Le Fils de Pardaillan
devant la maison de la jeune fille, il a vu un homme sur le perron. Il a cru que c’était le roi. Il a frappé. Ce n’était pas le roi. L’homme doit la vie à un brusque mouvement qu’il a fait à l’instant précis où le bras s’abattait sur lui. La lame du couteau s’est brisée sur une marche.
– Qui est cet homme ?
– Jehan le Brave.
– Le fils de Fausta !… Comment se trouvait-il là ?… Et le roi ? N’est-il donc pas venu ?…
– Jehan est amoureux de la jeune fille. Ceci explique sa présence sous ce balcon. Je ne saurais dire si le roi est venu ou non. Mes instructions étant de me tenir le plus loin possible du lieu où l’événement devait se produire, j’étais à ce moment rue Saint-Antoine, dans une taverne où l’on m’a vu me griser indignement. Quant à Ravaillac, que j’ai rejoint plus tard, je ne le crois pas mieux renseigné que moi.
Acquaviva réfléchissait profondément.
– Il y a quelque chose d’obscur, fit-il en redressant sa tête pâle. Sans doute trouverai-je des éclaircissements dans les rapports qui vont me parvenir. Ce Ravaillac reste-t-il toujours dans les mêmes intentions ?
– Je réponds de lui, dit Goulard avec un sourire livide.
– Bien. Suggérez-lui de se confesser à un jésuite notoire… Au père d’Aubigny, par exemple.
– C’est facile.
– D’Aubigny recevra des instructions à ce sujet. Quant à vous, il faudra redoubler d’adresse et de persuasion… Je vous avertis que les conseils de d’Aubigny contrarieront vos suggestions. Comprenez-vous ?
– Oui, monseigneur. Vous voulez, au cas où des soupçons se produiraient, pouvoir prouver que les jésuites se sont efforcés de détourner ce malheureux de sa criminelle folie. Quant à frère Parfait Goulard, il n’est pas jésuite, lui. Et, au surplus, cent témoins dignes de foi attesteront qu’il a toujours conseillé au meurtrier de retourner dans son pays et d’y vivre dans le calme et le repos.
Acquaviva approuva d’un signe de tête, et :
– Ce n’est pas là tout ce que vous aviez à me dire, je présume.
– En effet, monseigneur, il y a autre chose. Le fils de Fausta s’est rencontré avec son père, M. le chevalier de Pardaillan, cette nuit même, chez le duc d’Andilly.
La manière dont Acquaviva dressa la tête au nom de Pardaillan, la vivacité avec laquelle il demanda des explications attestèrent l’importance qu’il attachait à cette nouvelle.
– En êtes-vous bien sûr ?… Comment le savez-vous ?… Dites ce que vous avez appris sans omettre aucun détail, dit-il.
– Le hasard, monseigneur, expliqua Parfait Goulard.
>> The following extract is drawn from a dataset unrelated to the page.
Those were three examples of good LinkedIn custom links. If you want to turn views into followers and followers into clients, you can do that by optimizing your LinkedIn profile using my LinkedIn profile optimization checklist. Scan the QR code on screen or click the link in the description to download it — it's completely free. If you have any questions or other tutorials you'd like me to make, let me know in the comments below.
Je venais de ramener chez lui Ravaillac, qui m’avait donné beaucoup d’inquiétude, à cause que, pris d’un subit accès de découragement et de sombre désespoir, il parlait de s’aller jeter dans la rivière du haut du Pont-Neuf.
– Pourquoi ce désespoir ? s’informa Acquaviva avec intérêt.
– C’est une nature exceptionnellement impressionnable. Il paraît qu’il s’est pris d’une grande amitié pour Jehan le Brave, et il se reprochait comme un crime d’avoir failli tuer son ami, qu’il avait pris pour le roi.
– La cause de cette amitié ?
– Je n’ai pu la connaître, monseigneur. Il m’a vaguement parlé de services… Sorti de ses hallucinations, il ne dit que ce qu’il veut bien dire.
Acquaviva griffonna quelques lignes sur ses tablettes, et le poinçon levé :
– Vous êtes sûr, dit-il, qu’il ne donnera pas suite à ce malencontreux projet de suicide ?
– Je crois avoir réussi à le dissuader.
– Mais vous n’en êtes pas sûr, fit Acquaviva.
Il ajouta quelques nouveaux signes à la suite des précédents et expliqua :
– Je le ferai tancer vertement par son confesseur. Revenons à MM. de Pardaillan père et fils.
– Donc, monseigneur, reprit Goulard, en quittant notre homme, j’ai rencontré un groupe escortant une jeune femme. J’ai immédiatement reconnu Jehan et trois sacripants qui lui sont dévoués corps et âme.
– Et la jeune femme ?
– Il m’a été impossible d’apercevoir ses traits… J’ai passé sans avoir l’air de remarquer le groupe… et je suis revenu sur mes pas. Jehan et la jeune femme étaient entrés chez M. d’Andilly. Je me suis mis en observation. J’ai vu sortir M. de Pardaillan et, plus tard, Jehan. La jeune femme est donc restée chez le duc.